If you're drilling acrylic, then a normal wood hole saw will work. A little pressure behind the drill works best. If you have a drill with a clutch, set it one or two clicks back from fully engaged. Remove the bit out of the hole every 30 second to 1 minute to allow the acrylic to escape.

There are different type of bulkheads, so there's not one chart that shows what hole size is needed for a certain size bulkhead. Your best bet is to check the specs when you buy your bulkhead (and buy the bulkhead before drilling!)- it'll be listed there.
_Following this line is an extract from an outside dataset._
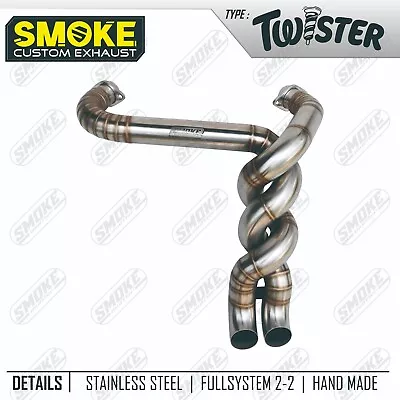 Full System 2 Into 1 Harley Davidson Exhaust Custom Fits Sportster 883 1999-2020 • $360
There's no right or wrong place to drill (assuming the glass isn't tempered, etc), although I'd allow at least 1/2" all around the outer edges of the bulkhead fitting.

Hope that helps-
 
Thanks, Bob, that helps. I'm not going to put a box on the inside of the tank but I think I'll add the pipe outside that I think is to let the air out and help with the noise.

Bud

bobz;94293 wrote: Bud,

Here are some pics of the overflow and return in my frag tank. I can't take credit for the work since I picked this up from Mitch, but it works very well! Mitch could probably give you the details on the exact size of the bulkheads and connections. The overflow in my tank has a 3/4" connector on what looks to be a 1" bulkhead and the return looks like a 1/2" ID to a 3/4" bulkhead. The placement of the over flow is about halway up the back side of the tank, in the left corner, with an elbow in the overflow box that is approx 2 1/2" below the level of the tank water. The return was drilled three inches from the top and centered in the side of the tank. It has loc-line attached with a flare nozel (hard to see in the photo under water!) Any way, hope that helps you decide.

Bob Z
Marietta
 
Thanks, Chris. It's a glass tank and I already bought several different size bits from the ebay site Chrisjet referrenced in one of his posts. I'll definitely follow your advice and get the bulkhead in hand before I drill.

Bud

mojo;94311 wrote: If you're drilling glass, then you can get carbide bits on ebay cheaper than anywhere else. They may not be the highest quality, but if you only need a few holes. Be sure to create a clay dam (or put a garden hose over it while drilling) to keep the bit and glass cool and don't use pressure- let the bit do all the work.

If you're drilling acrylic, then a normal wood hole saw will work. A little pressure behind the drill works best. If you have a drill with a clutch, set it one or two clicks back from fully engaged. Remove the bit out of the hole every 30 second to 1 minute to allow the acrylic to escape.

There are different type of bulkheads, so there's not one chart that shows what hole size is needed for a certain size bulkhead. Your best bet is to check the specs when you buy your bulkhead (and buy the bulkhead before drilling!)- it'll be listed there.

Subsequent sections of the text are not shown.